Quantizers API
veloxquant_mlx.quantizers
All quantizers implement the Quantizer abstract base class. See Core API for the interface definition.
QuantizerFactory
from veloxquant_mlx.quantizers.base import QuantizerFactory
QuantizerFactory.create
@staticmethod
def create(name: str, **kwargs) -> Quantizer
Create a quantizer by name. Registered names: "turboquant_rvq", "turboquant_mse", "turboquant_prod", "rabitq", "commvq", "polarquant", "qjl", "composite".

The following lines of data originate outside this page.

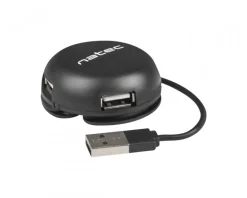 Natec Cables & Adapters|Bumblebee Black 2.0 USB Hub 4 Ports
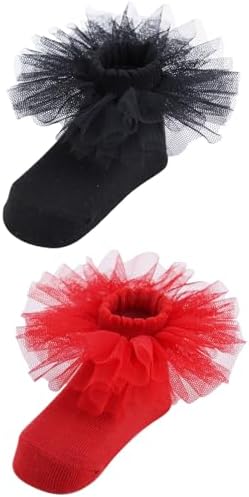 PrinceSasa Little Baby Girl Princess Lace Ruffles Socks Set - Image 3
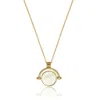 Lily & Roo Women's Gold Mother Of Pearl Spinning Disc Necklace In Gold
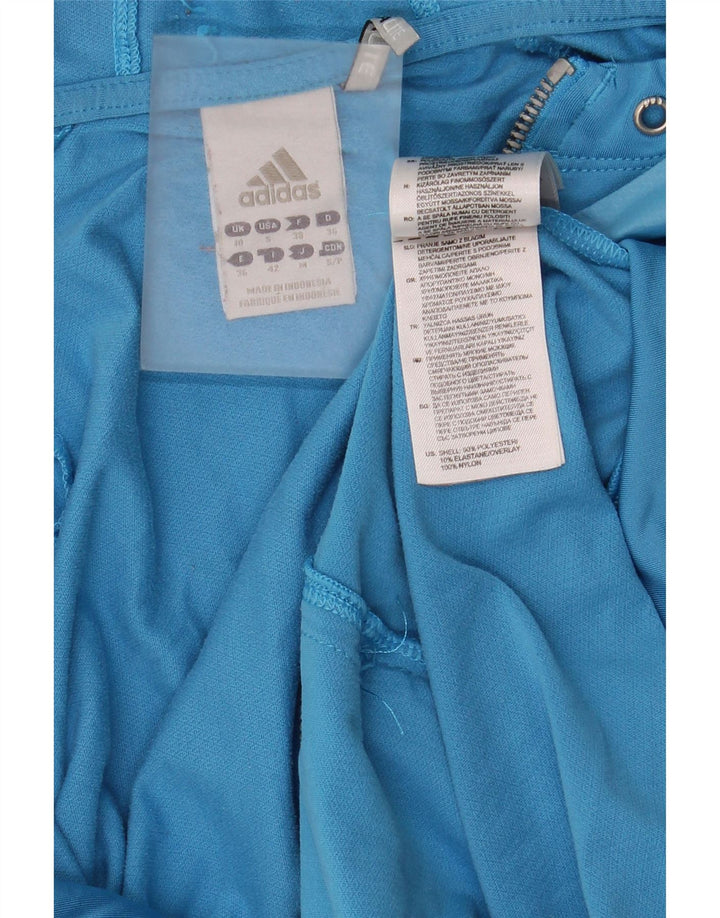 Γυναικείο πουλόβερ Adidas με φερμουάρ UK 10 Small Blue Polyester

quantizer = QuantizerFactory.create("turboquant_rvq", bits=1, num_residuals=2)
TurboQuantRVQ
from veloxquant_mlx.quantizers.turboquant_rvq import TurboQuantRVQ
Two-pass Residual VQ with Gaussian + Laplacian analytical codebooks.
Constructor
TurboQuantRVQ(
bits: int = 1,
num_residuals: int = 2,
use_hadamard: bool = True,
value_bits: int = 2,
)
| Parameter | Type | Default | Description |
|---|---|---|---|
bits | int | 1 | Bits per residual pass |
num_residuals | int | 2 | Number of RVQ passes |
use_hadamard | bool | True | Apply Walsh-Hadamard transform |
value_bits | int | 2 | Value quantization bits |
Methods
def encode(self, keys: mx.array) -> EncodedVector: ...
def decode(self, encoded: EncodedVector) -> mx.array: ...

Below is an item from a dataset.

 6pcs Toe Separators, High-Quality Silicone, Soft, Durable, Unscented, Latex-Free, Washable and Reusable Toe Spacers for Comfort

def encode_values(self, values: mx.array) -> EncodedVector: ...
def decode_values(self, encoded: EncodedVector) -> mx.array: ...
encode(keys): Takes keys of shape [batch, heads, seq, head_dim]. Returns EncodedVector containing packed bit indices and residual codes.

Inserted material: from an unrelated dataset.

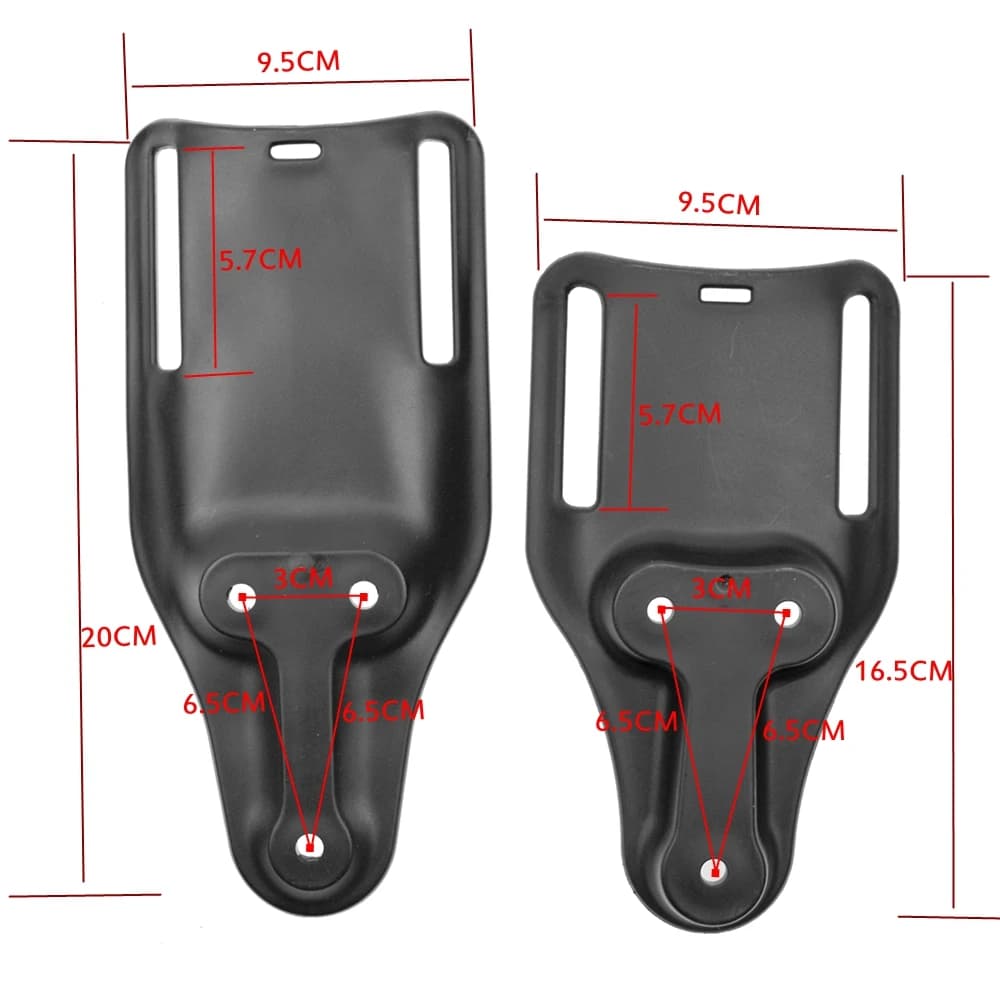 Cintura tattica Fondina per pistola Adattatore per pagaia Adattatore per custodia per pistola ad anello per cintura universale per giro basso con kit a sgancio rapido QLS 19 22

decode(encoded): Reconstructs approximate keys from EncodedVector. Shape: [batch, heads, seq, head_dim].
import mlx.core as mx
from veloxquant_mlx.quantizers.turboquant_rvq import TurboQuantRVQ
q = TurboQuantRVQ(bits=1, num_residuals=2)
keys = mx.random.normal(shape=(1, 8, 512, 128))
encoded = q.encode(keys)
decoded = q.decode(encoded)
TurboQuantMSE
from veloxquant_mlx.quantizers.turboquant_mse import TurboQuantMSE
MSE-optimal scalar quantization via Lloyd-Max algorithm with rotation. No residual pass.
Constructor
TurboQuantMSE(bits: int = 2, use_hadamard: bool = True)
TurboQuantProd
from veloxquant_mlx.quantizers.turboquant_prod import TurboQuantProd
Product VQ with QJL residual correction. Combines Lloyd-Max scalar centroids with a JL sign sketch for the residual.
Constructor
TurboQuantProd(
bits: int = 2,
residual_sketch_dim: int = 64,
use_hadamard: bool = True,
)
TurboQuantProdAdaptive
from veloxquant_mlx.quantizers.turboquant_prod import TurboQuantProdAdaptive
Adaptive version of TurboQuantProd that dynamically increases bits when observed distortion exceeds a threshold.
TurboQuantProdAdaptive(
base_bits: int = 2,
max_bits: int = 4,
distortion_threshold: float = 0.05,
observer: DistortionObserver | None = None,
)
RaBitQQuantizer
from veloxquant_mlx.quantizers.rabitq import RaBitQQuantizer
Randomised Hadamard + 1-bit sign packing with IVF clustering.
Constructor
RaBitQQuantizer(num_clusters: int = 64, seed: int = 0)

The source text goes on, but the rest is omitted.